Given data:
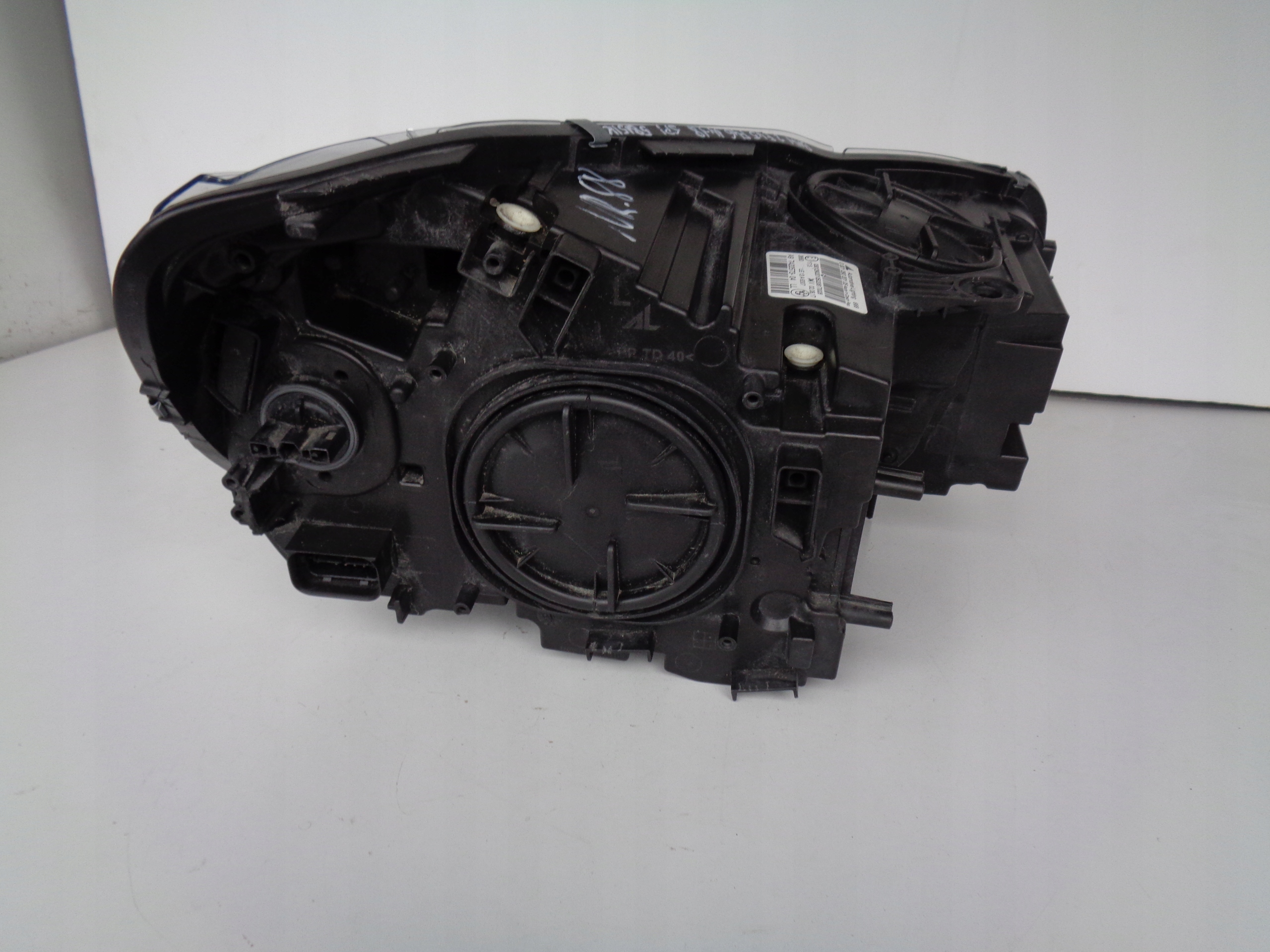 LAVE PREDNE SVETLO BMW 2 F45 F46 14-18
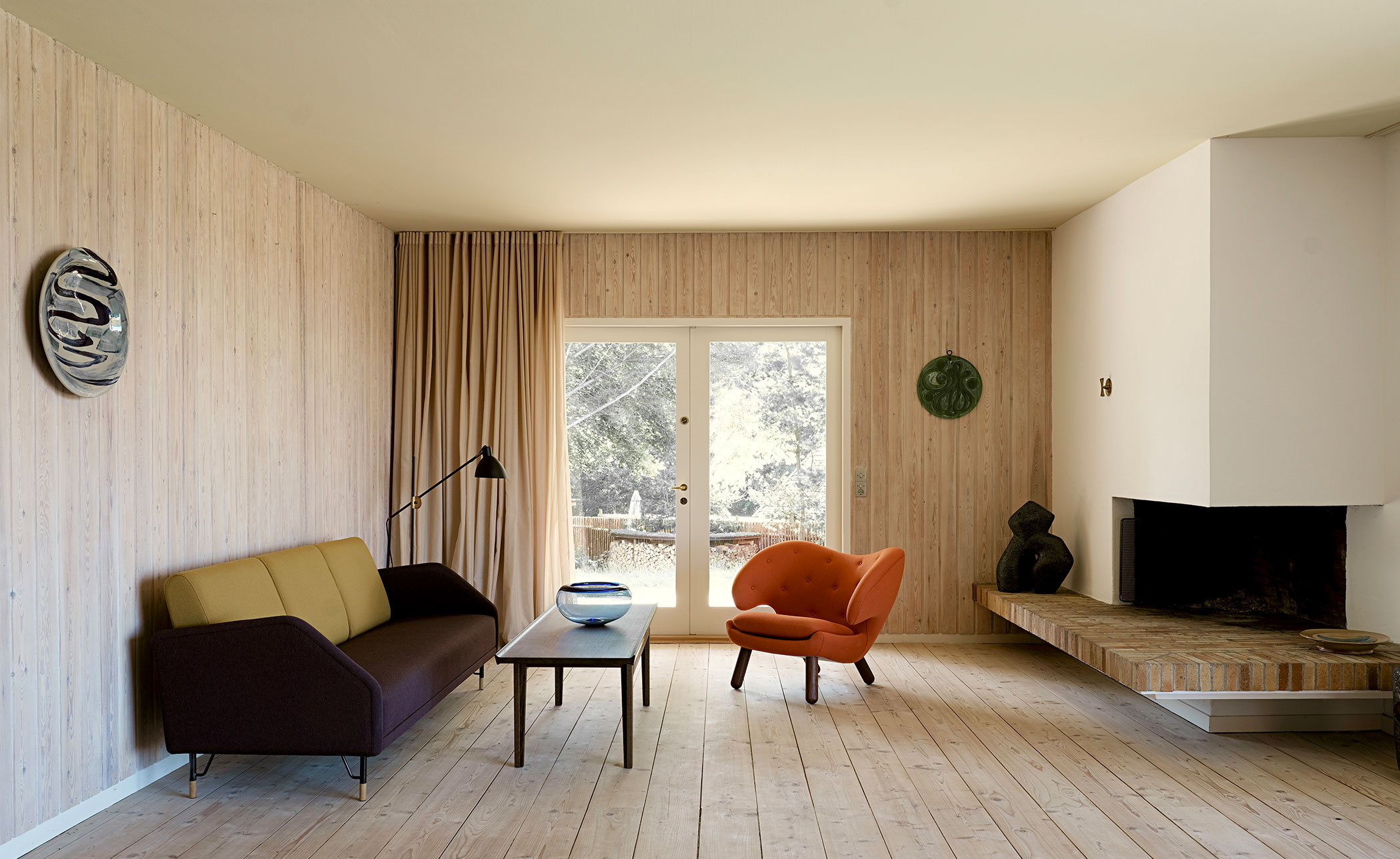 Model 500 Couch Table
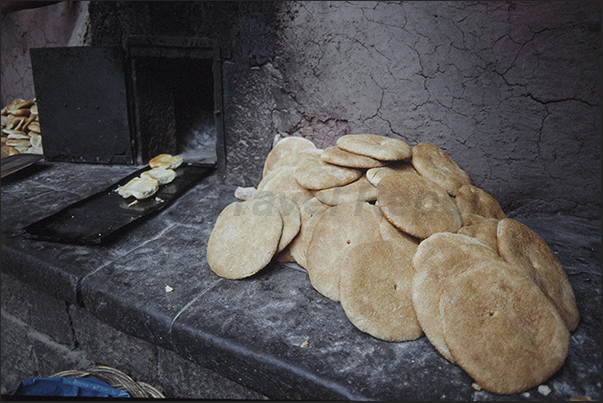 Town of Ollantaytambo in the Urubamba sacred river valley. Bread oven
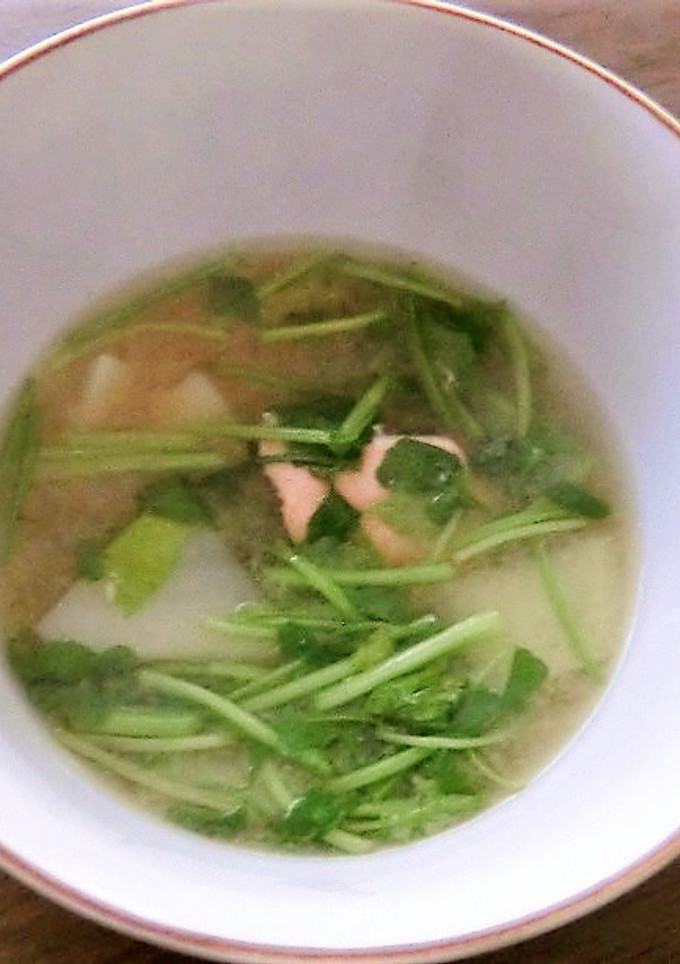 大根とセリの味噌汁に、鮭を追加して～-レシピのメイン写真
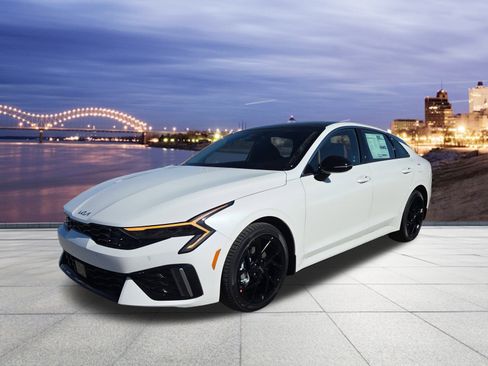 New 2026 Kia K5 GT-Line image 1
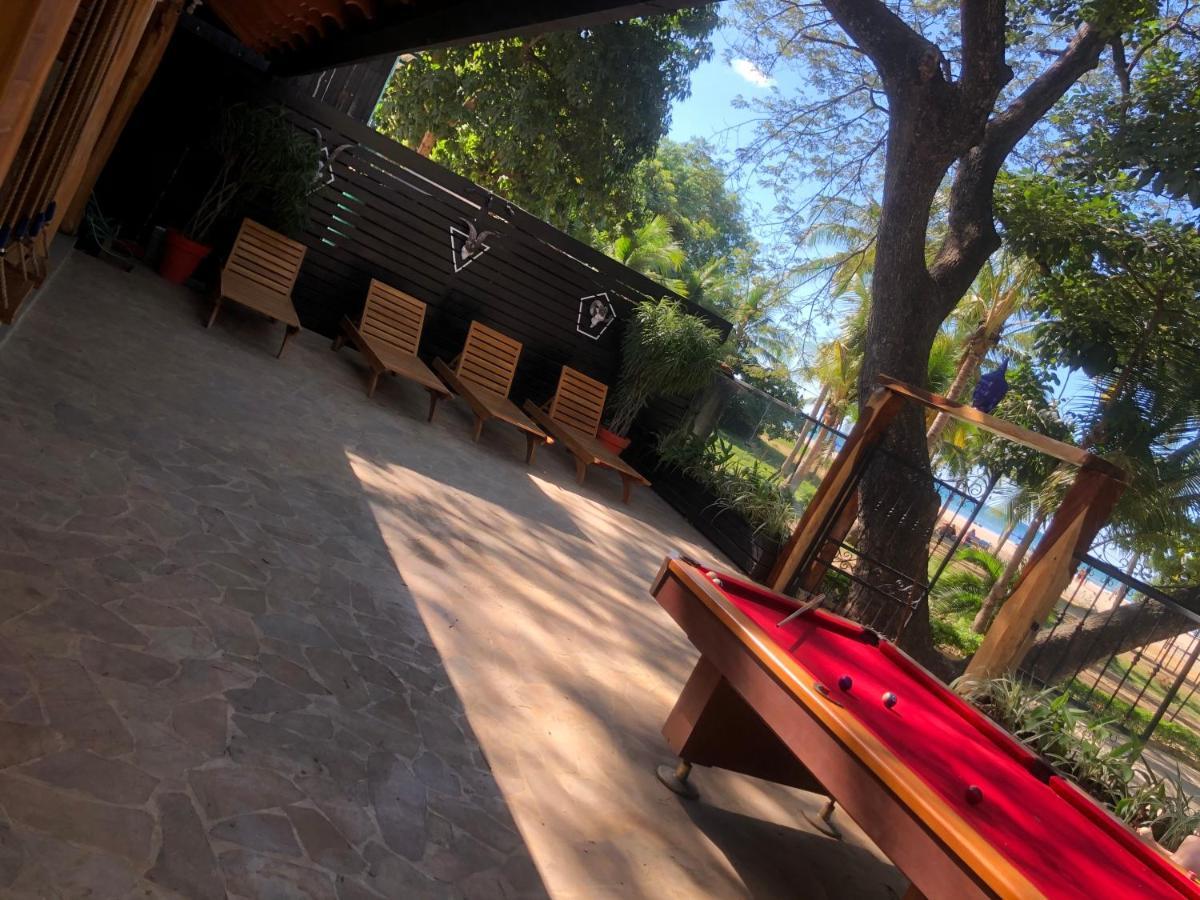 Casa Aura: Beachfront Premium Hostel Tamarindo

Problem to work on: With the pictures removed, repeat the listing above exactly as it stands.

Response for this exercise:
 LAVE PREDNE SVETLO BMW 2 F45 F46 14-18
 Model 500 Couch Table
 Town of Ollantaytambo in the Urubamba sacred river valley. Bread oven
 大根とセリの味噌汁に、鮭を追加して～-レシピのメイン写真
 New 2026 Kia K5 GT-Line image 1
 Casa Aura: Beachfront Premium Hostel Tamarindo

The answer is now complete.